What is being asked:
Each line below is to be repeated exactly; any picture is to be left out.

Data:
- Opening Delimiter -

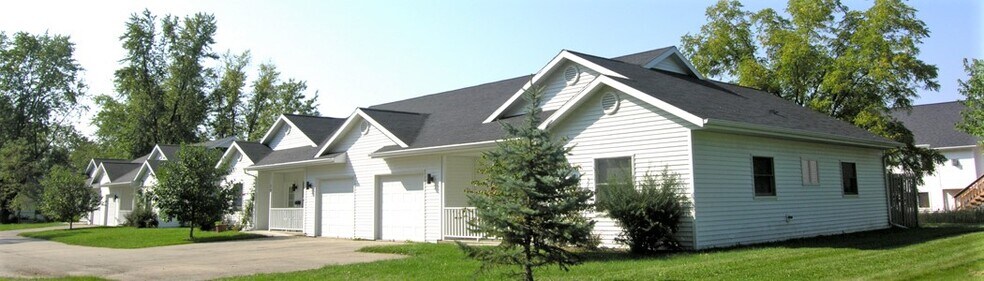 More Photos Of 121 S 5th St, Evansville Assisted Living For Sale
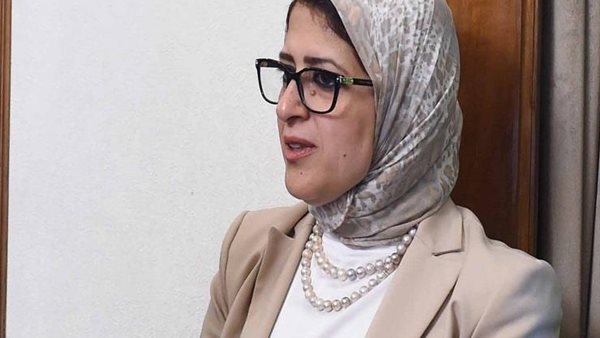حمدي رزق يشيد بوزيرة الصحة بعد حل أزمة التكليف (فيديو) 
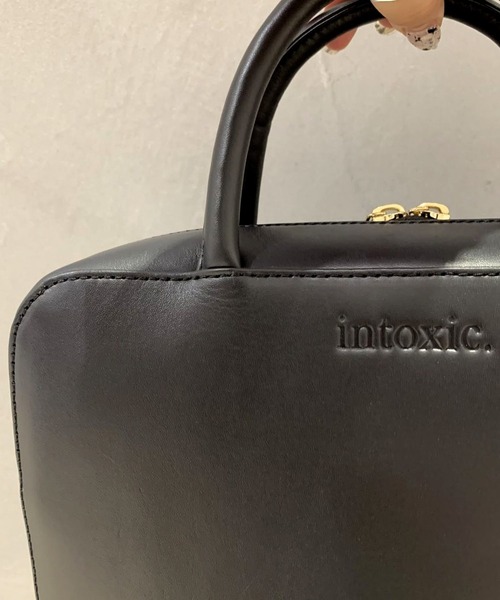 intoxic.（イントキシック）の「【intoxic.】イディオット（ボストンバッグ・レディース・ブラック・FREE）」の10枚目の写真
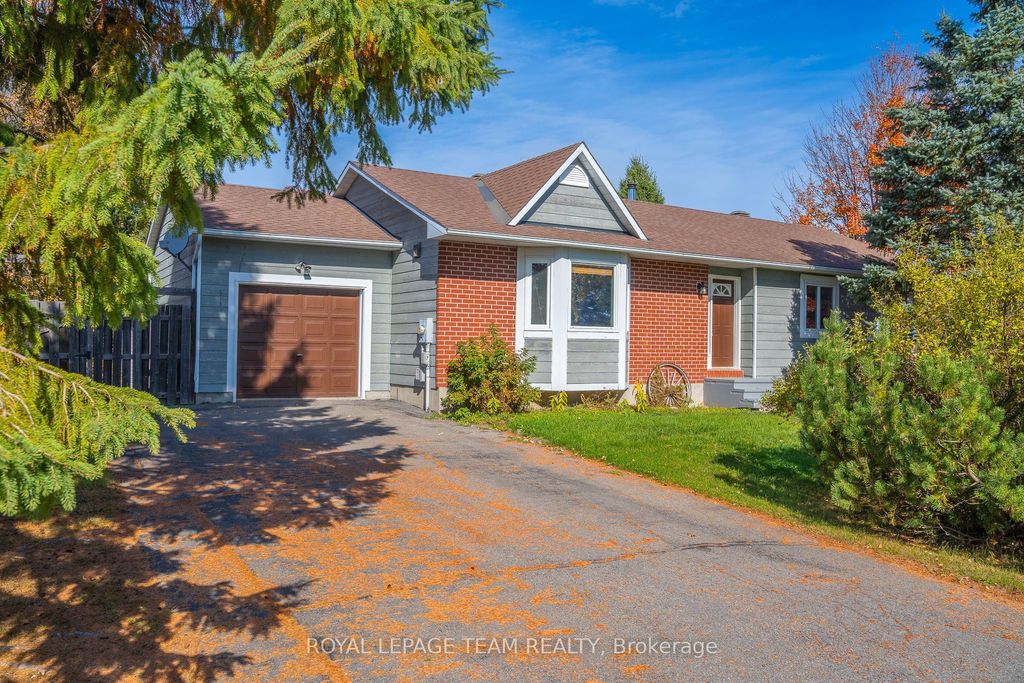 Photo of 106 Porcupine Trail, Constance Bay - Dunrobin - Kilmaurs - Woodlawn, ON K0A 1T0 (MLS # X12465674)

- Closing Delimiter -

Result of the task:
 More Photos Of 121 S 5th St, Evansville Assisted Living For Sale
حمدي رزق يشيد بوزيرة الصحة بعد حل أزمة التكليف (فيديو) 
 intoxic.（イントキシック）の「【intoxic.】イディオット（ボストンバッグ・レディース・ブラック・FREE）」の10枚目の写真
 Photo of 106 Porcupine Trail, Constance Bay - Dunrobin - Kilmaurs - Woodlawn, ON K0A 1T0 (MLS # X12465674)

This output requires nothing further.